Exercise requirements: Restate the listing word for word; omit the images.

Raw data:

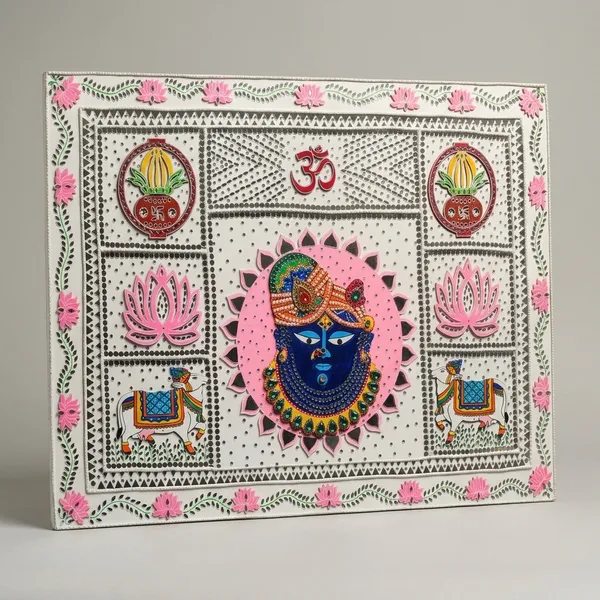 Traditional_Pichwai_Style_Shrinathji_Wall_Hanging_Tapestry_/_Temple_Back_Drop_With_Sacred_Motifs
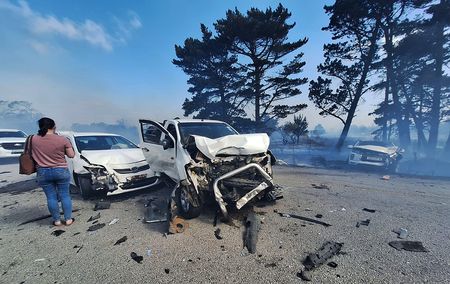 Raging veld fires in Nelson Mandela Bay force K9 Unit evacuation, cause multi-vehicle accident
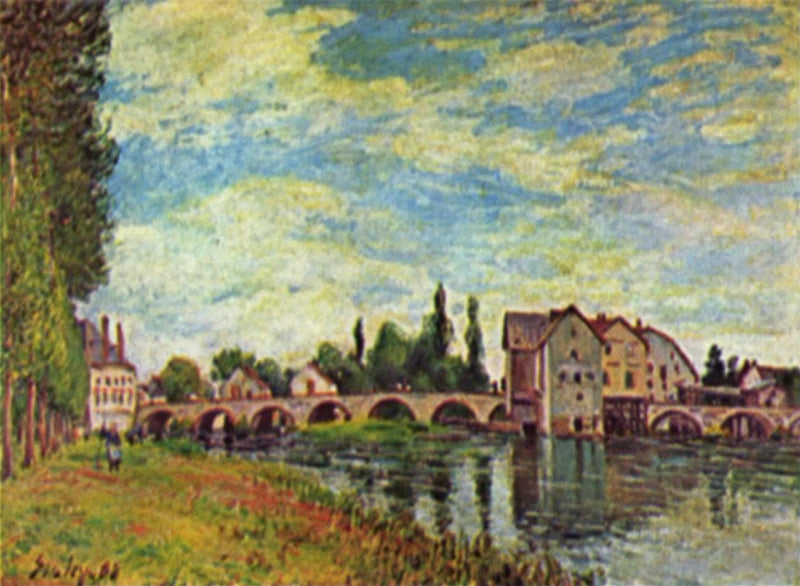 Pont et Moulin de Moret en été by Alfred Sisley — Oil Painting Reproduction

Task output:
 Traditional_Pichwai_Style_Shrinathji_Wall_Hanging_Tapestry_/_Temple_Back_Drop_With_Sacred_Motifs
 Raging veld fires in Nelson Mandela Bay force K9 Unit evacuation, cause multi-vehicle accident
 Pont et Moulin de Moret en été by Alfred Sisley — Oil Painting Reproduction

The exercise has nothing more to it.